The evolution of the state in the box is displayed on the *T*–*S* plane in Fig. 3, starting with various initial conditions. In this paper, *T* and *S* are taken as the vertical and the horizontal axes, respectively, following the conventional way for physical oceanography. The convergence toward ES-1 or ES-2 slows down as the state approaches ES’s. The water exchange with the warmer area is much weaker at ES-1 than at ES-2 because |*ρ*_{w} − *ρ*| is much smaller at ES-1 (∼10% of that at ES-2). Hence, ES-1 is colder and fresher than ES-2. The bimodal character is fundamentally consistent with that found by Stommel (1961). In this paper, a focus is given only to the thermal-driven state, ES-2.

Sensitivity of the bimodal character is examined with *k*_{S} and *C* varied. It is shown that ES-1 exists always, while ES-2 disappears as the freshwater flux is increased, or as the exchange with the warmer domain is reduced: the common tendency is a reduction in *S.* When only one parameter is varied with the others kept constant, the transition from the bimodal to the unimodal solutions occur around *k*_{S} = 0.05*k*_{T} and *C* = 10^{−8}. This transition is qualitatively similar to that in Stommel (1961).

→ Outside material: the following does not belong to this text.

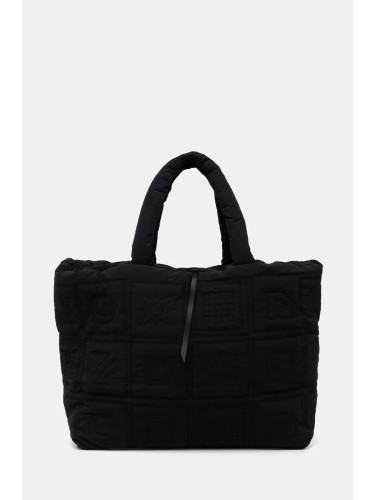 Чанта Nanushka SOFT TOTE в черно NU24FWBT12451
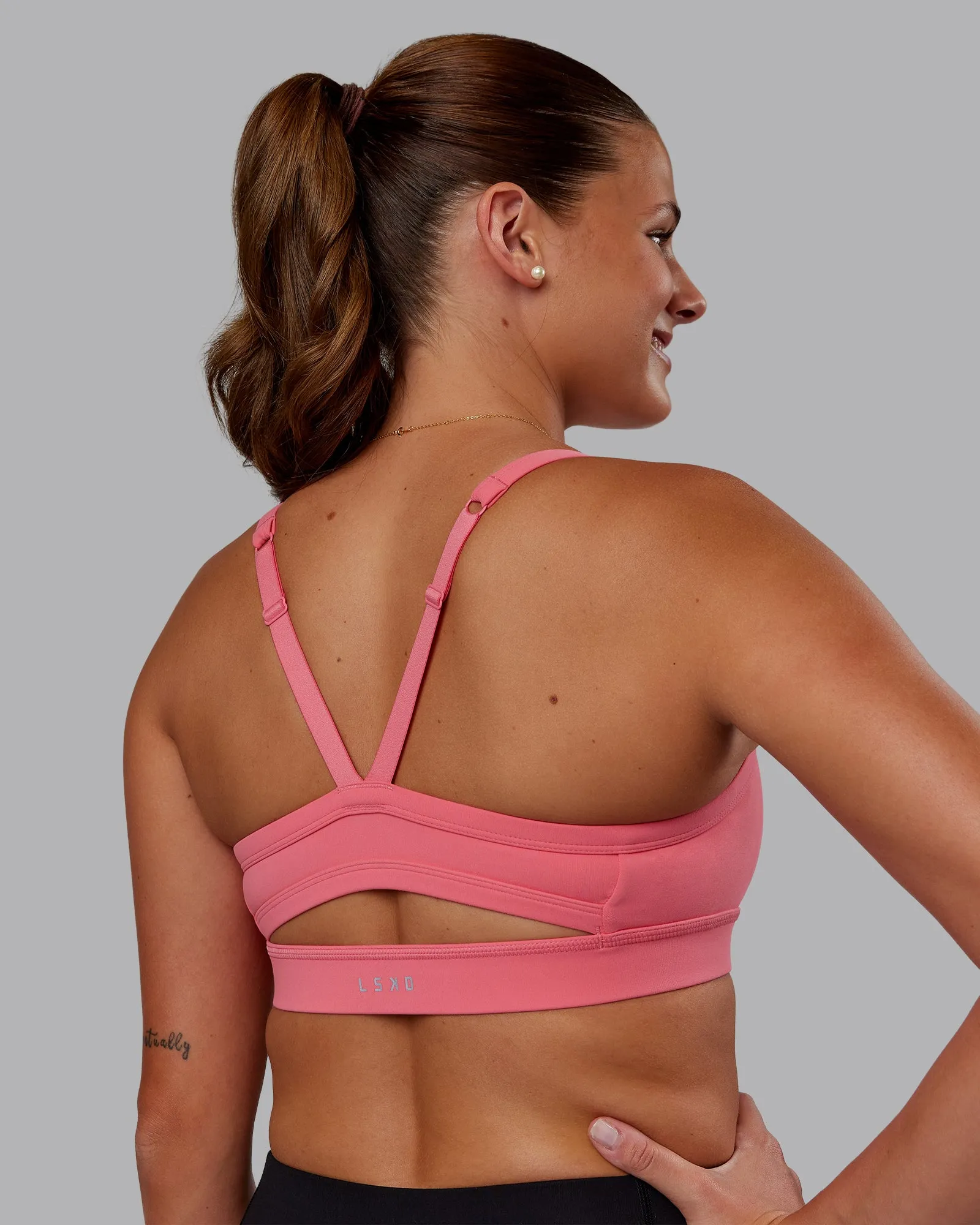 Momentum Sports Bra - Pink Lemonade sold by LSKD product image thumbnail 2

Vertical mixing between the upper and the lower boxes is now included: *E* is changed to 2 × 10^{−10} kg^{1.5} m^{−4.5} s^{−1}. The evolutions are shown in Fig. 4 for two cases of the lower-box property; that is, (*T*_{o}, *S*_{o}) = (0, 0.3) and (0, 0.5). The vertical mixing changes the evolution particularly in the subplane for *ρ* > *ρ*_{o}, where the solution rapidly converges to (*T*_{o}, *S*_{o}). In the subplane for *ρ* < *ρ*_{o} also, once the density of the box approaches the lower-layer density *ρ*_{o}, the solution quickly converges to (*T*_{o}, *S*_{o}). This state is to be distinguished from ES-2 and is referred to as ES-3 or the thermal-driven convected state.

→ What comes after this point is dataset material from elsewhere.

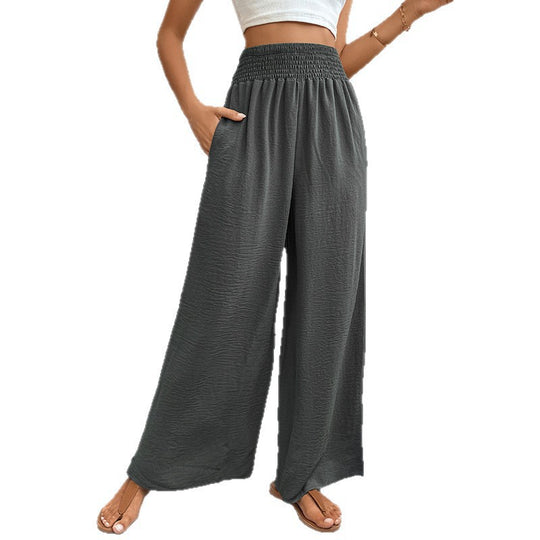 Damen Weit geschnittene Sommerhose mit elastischem Bund R&B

The distinct difference between the two cases in Fig. 4 is whether ES-2 exists or not. Once the lower-box density is close to that in the upper box, convection occurs, and ES-2 is combined with ES-3. The critical value of *S*_{o} exists between 0.35 and 0.36, as long as the other parameters are fixed. Thus, the on–off convection is realized in the present box model, and will be examined in section 4 using the probability box model. It is noted that the convection shut-off may be related to an actual oceanographic event such as the GSA: the external forcing is modified to make the smaller upper- box density available, and a sudden reduction of the density is induced in the upper box, shutting off convection.

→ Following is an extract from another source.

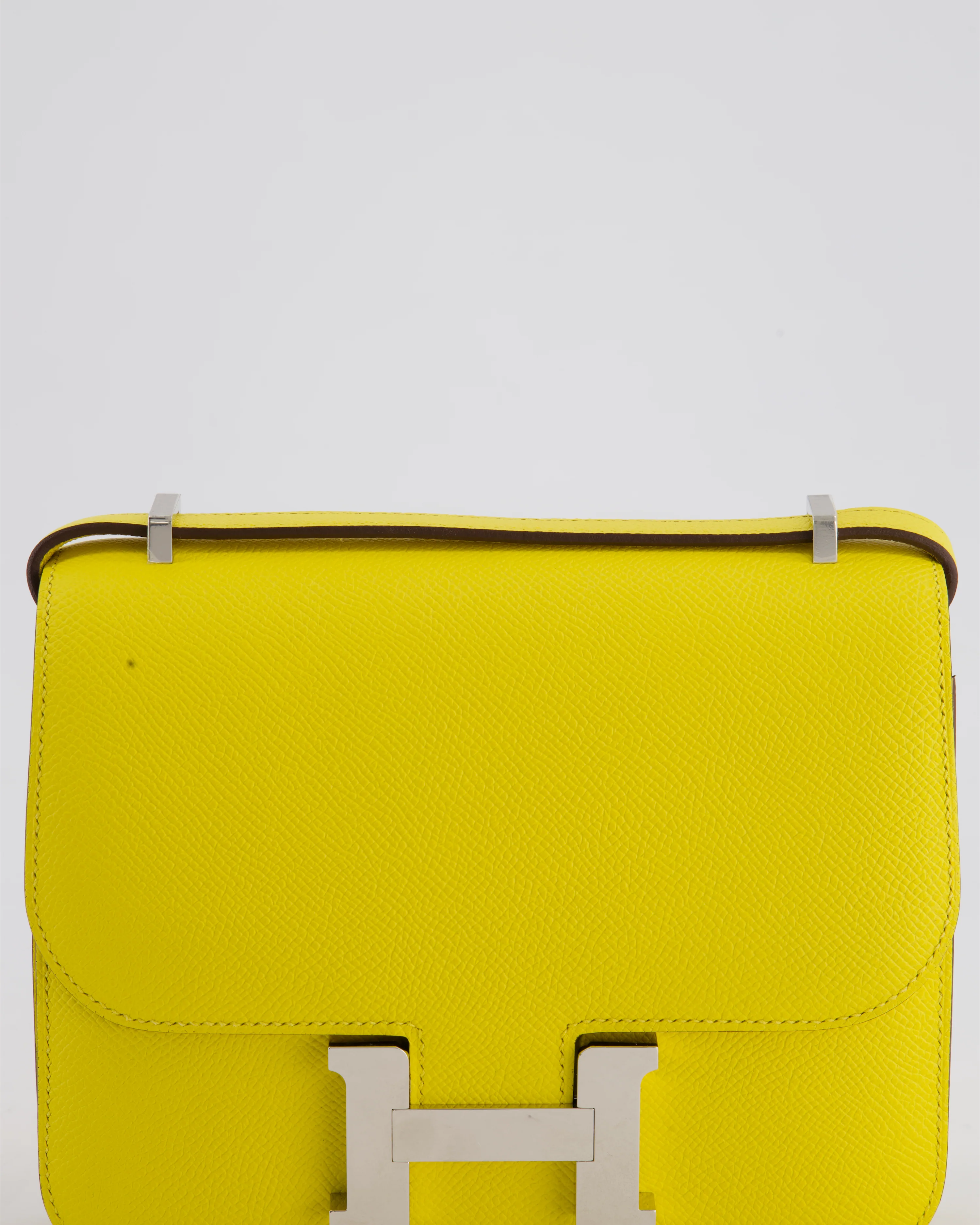 Hermès Constance III 18 Miroir Bag in Jaune De Naples Epsom Leather with Palladium Hardware - Image 16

We now discuss whether the water exchange in the present model is appropriate for the subpolar ocean. Only vertical convection is included in the exchange between the active box and the lower box. The exchange between the active box and the warmer domain is represented by eddy-induced mixing or inflow/outflow in the upper ocean. The component missing in the model is the vertical overturning associated with thermohaline circulation, which consists of a poleward flow in the upper ocean, a descent in the subpolar ocean, and an equatorward flow in the lower ocean, at the thermal- driven state. The contribution of the poleward flow can be included in the model by parameterization of the volumetric exchange coefficient. The descent would carry the water in the active box into the lower box. Since the lower box property is fixed in the present model, no fundamental difference is produced by the thermohaline circulation.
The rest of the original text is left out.